I nod, but I can’t seem to find any words.
“He has to see her one more time, though,” Davis says, and it takes me a second to realize where this change of direction is going. “The only way they could get Charity to sign the deal was if she could keep the baby with her for one month after the delivery.”
“She can do that in prison?” I ask, my brows furrowing in shock.
Davis nods. “They have what’s called prison nurseries,” he explains. “There are only a few prisons in the country that do it, but we have one here in Washington. She’ll be moved to a specific block and she can keep the baby with her.”
“But just for one month?” I ask for clarification.
“One month,” Davis says. “And then Ezra can pick him up. But he has to see Charity then.”
Just those two sentences give me so much to think about. The fact that he has to face Charity again is just cruel. He’s been working so hard to move on, to get her claws out of him. And then to have to go back and see her face to face?
“It’s a boy?” I stick with the easiest part to process.
Davis nods. “Yeah.”
It makes my stomach sick. How is Ezra supposed to handle this? Is he really supposed to be a father to a child that came from a woman who tricked him into thinking she was an entirely different person? Is he supposed to love the offspring of a psychopath? How can he ever get over this if he’s strapped with a child who will remind him of all of this, over and over?
“You think Ezra is capable of that kind of love?”
I didn’t mean to say the words out loud. And I realize that the question must seem so random and out of place considering I didn’t voice my other thoughts.

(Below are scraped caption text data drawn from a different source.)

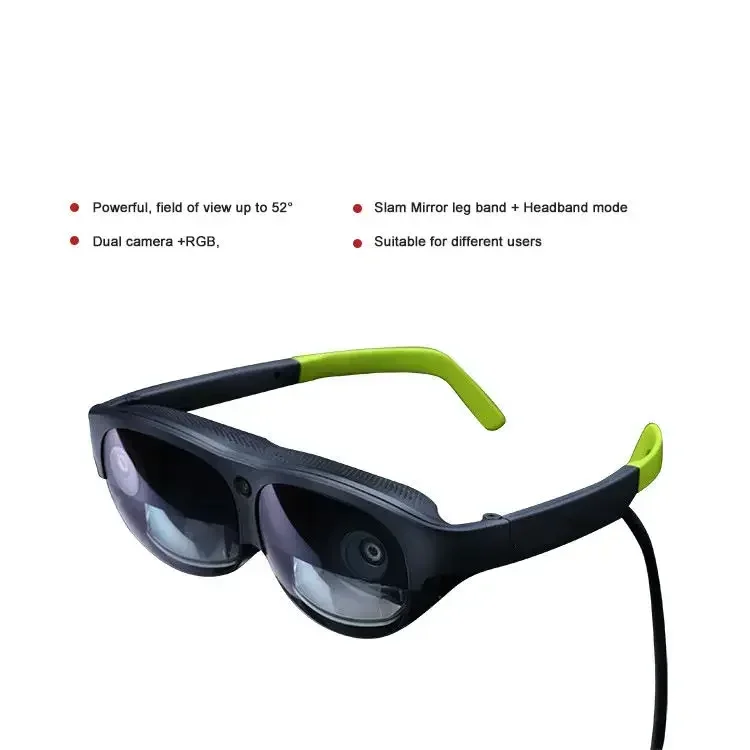 2026 4Portable Ar Glasses Steamdeck Connection Multifunctional Virtual Reality 15 Times Bird Bath Module 2026 Premium.
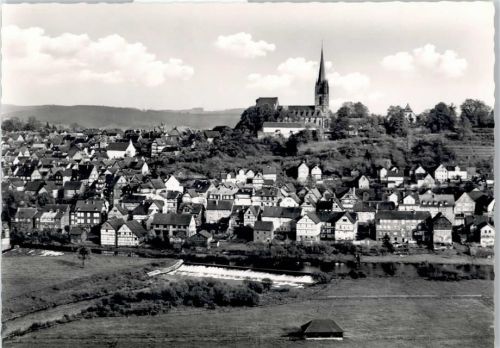 Frankenberg Fliegeraufnahme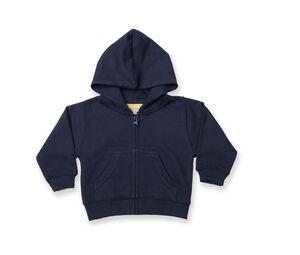 Larkwood LW005 - Zip Through Hooded Sweatshirt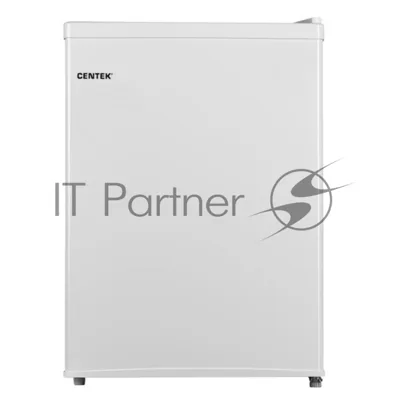 Холодильник Centek CT-1702 белый однокамерный 66л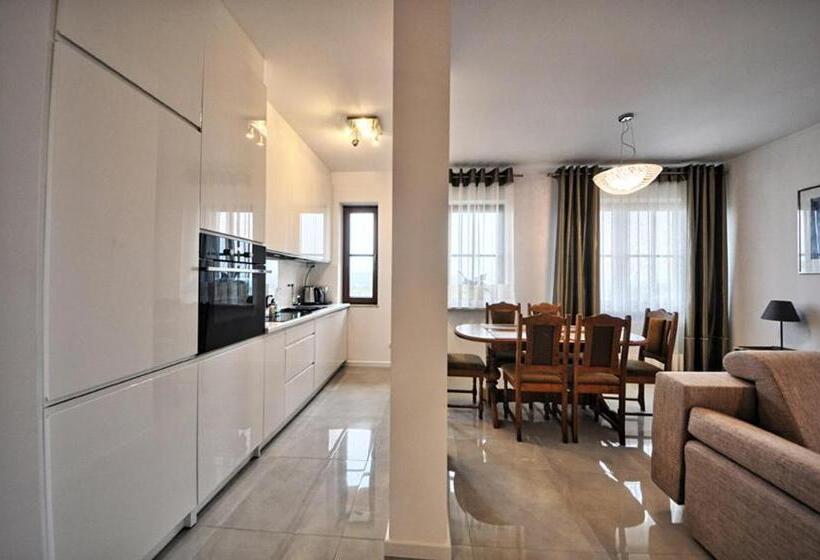 带2个卧室的公寓, Poduszka Apartamenty Zdrojowe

But still, Davis doesn’t seem too lost.
“He held on to the idea of what the two of you had for thirteen years,” he says. There’s something sad in his tone, something regretful. “In a weird, twisted way, I think Ezra might be the only person who could love that child despite the way it came into this world.”
I shake my head. It’s just so sad. So messed up.

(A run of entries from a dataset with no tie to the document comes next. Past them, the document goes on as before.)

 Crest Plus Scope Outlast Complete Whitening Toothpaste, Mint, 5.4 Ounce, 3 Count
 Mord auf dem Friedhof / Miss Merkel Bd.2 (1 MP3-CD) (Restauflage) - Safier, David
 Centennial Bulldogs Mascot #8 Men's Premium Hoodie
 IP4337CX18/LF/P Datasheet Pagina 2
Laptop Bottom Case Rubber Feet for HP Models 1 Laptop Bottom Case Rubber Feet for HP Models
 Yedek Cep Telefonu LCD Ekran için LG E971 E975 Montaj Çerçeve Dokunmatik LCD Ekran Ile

“Did you hear that Faith Cooper was released?” I ask, changing directions.
Davis nods. “Sounds like Charity fessed up. Apparently, she th
ought it was reasonable to try to burn those cheerleaders alive for them mocking her for asking Ezra out back in high school.”

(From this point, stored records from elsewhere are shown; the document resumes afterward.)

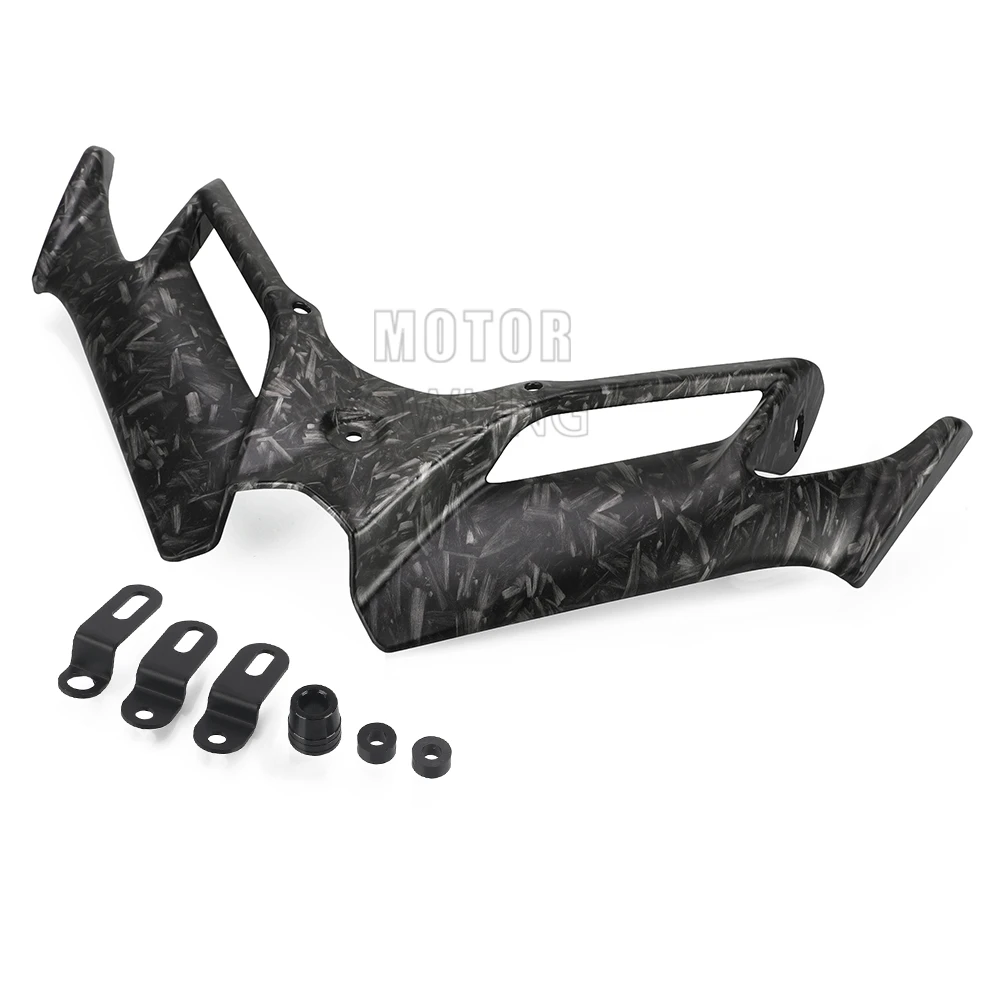 For CFMOTO CF MOTO 450SR 450 SR 450SS 450 SS 2022 2023 2024 Motorcycle Front Fairing Aerodynamic Winglet Cover Fixed Wind Wing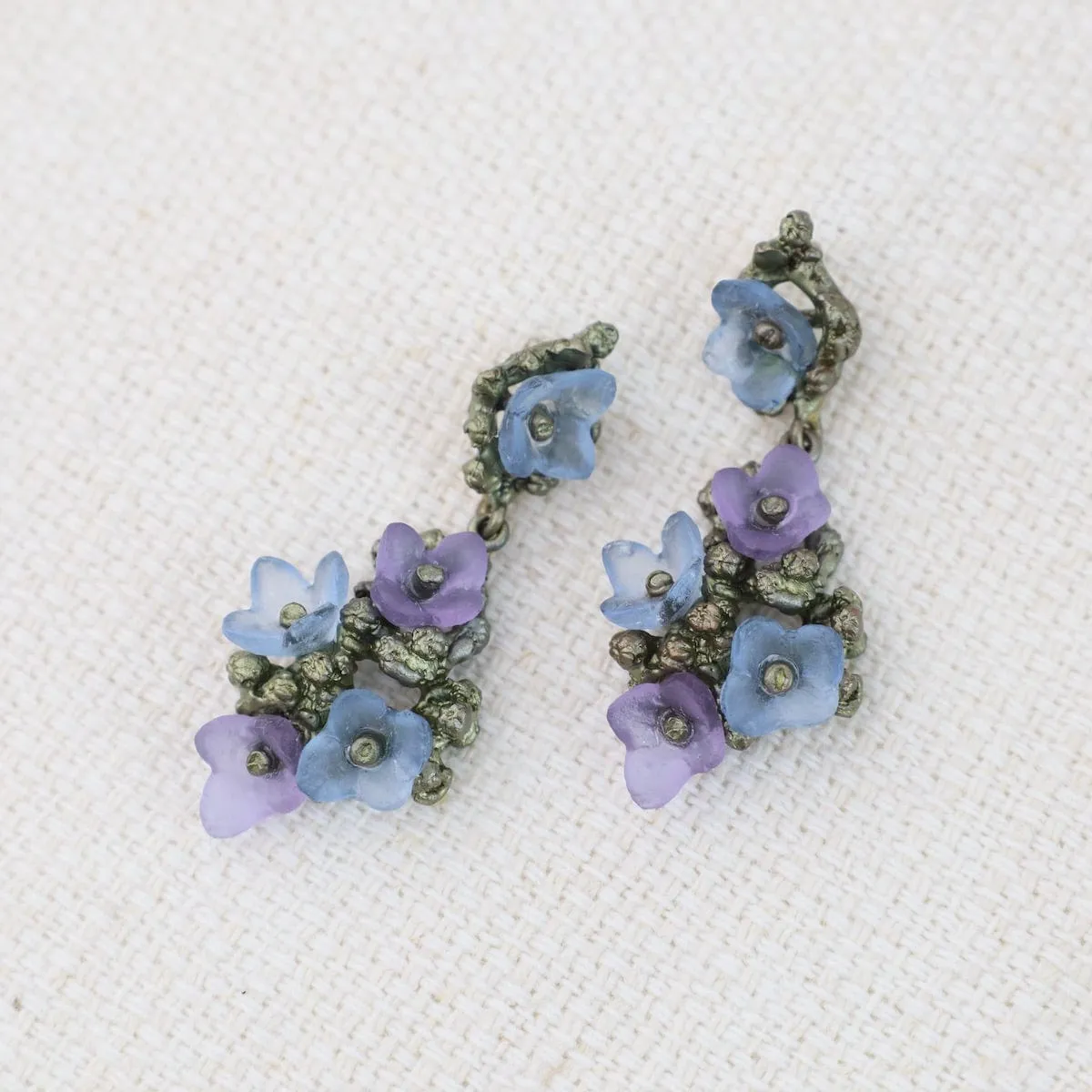 Spring Cape Stud Drop Earring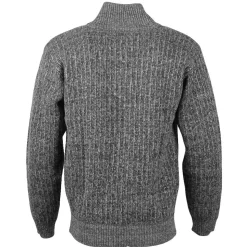 Men's Ice Half Zip Jumper Grey
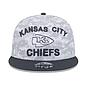 Gorra New Era 9FIFTY Chiefs NFL Salute to Service Charcoal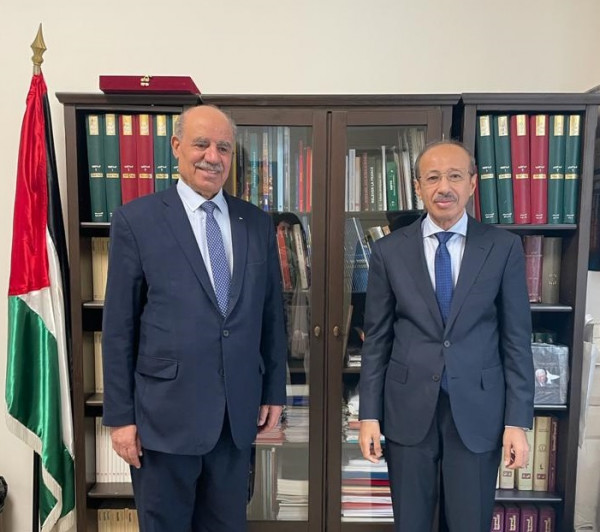 الهرفي يستقبل السفير السعودي الجديد لدى فرنسا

I shake my head. It makes me absolutely sick, the things that woman can justify doing over Ezra.
At least Faith Cooper got far away from here as soon as she was released. I heard she headed for Boston.
We eat for a few silent minutes, each lost in our own heads.
Davis doesn’t fight me when I pull out my card to pay the check. We head out of the restaurant, and the rain has stopped by the time we leave.
“Can I walk you home?” Davis asks.
My car is down the road, still parked at work, and it’s five blocks to my apartment. But I don’t hesitate when I tell him yes.
Side by side, we walk down the spottily lit sidewalk. Davis holds the umbrella, his other hand in his pocket. I cling to my purse, not knowing what to say or what to do.
“So, I’m thinking about moving out of Snohomish,” he says, breaking the quiet moment.
“Really?” I question, raising an eyebrow at him.
He shrugs, keeping his eyes fixed on the sidewalk. “Yeah, I guess it just feels different now.”
“How’s that?” I press. Once more, that spark ignites in my chest.
He shrugs again. “My brother hardly feels like my brother. All anyone wants to talk about is what happened. I can hardly even stand being in my own house anymore.”
“But I love your house,” I say, remorse slipping into my tone.
Davis glances over at me, meeting my eyes in the dark. But they go back to the sidewalk once more. “Just doesn’t feel the same. Feels…too empty now.”
My heart rate picks up, and suddenly I’m very aware of every amount of distance between us.
We turn the corner, and there, I see the door to my apartment.
“Besides, I’ve been expanding outside of town,” Davis moves on. “I’ve got a new development starting in Woodinville. I think you’d like it.”
I smile a little. Woodinville is the exact halfway mark between Bellevue and Snohomish.
“I’d like to see it sometime,” I say.
We step in front of my door and I stop there. We stare at each other through the dark, and I wish I knew what was going through his head. I wish I knew what was going through my own head. It’s all too complicated to sort out.